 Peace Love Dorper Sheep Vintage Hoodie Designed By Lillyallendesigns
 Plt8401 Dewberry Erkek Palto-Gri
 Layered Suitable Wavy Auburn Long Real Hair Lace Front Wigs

☆ ☆ ☆

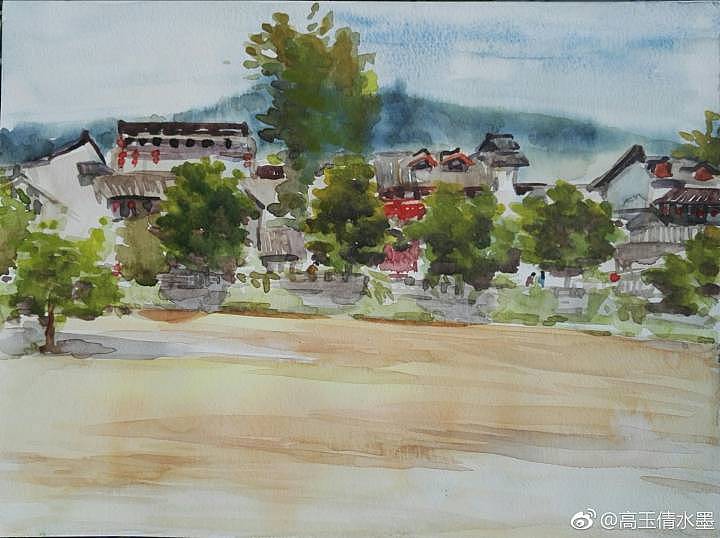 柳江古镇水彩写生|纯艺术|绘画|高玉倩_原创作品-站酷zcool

☆ ☆ ☆

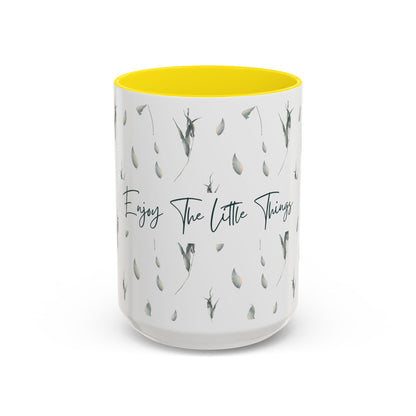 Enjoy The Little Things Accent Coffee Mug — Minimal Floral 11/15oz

☆ ☆ ☆

**Task directions**
Reproduce exactly the lines above from the line with "Plt8401 Dewberry Erkek Palto-Gri" to the line with "Layered Suitable Wavy", including both, and add nothing.

**Solution to this exercise**
 Plt8401 Dewberry Erkek Palto-Gri
 Layered Suitable Wavy Auburn Long Real Hair Lace Front Wigs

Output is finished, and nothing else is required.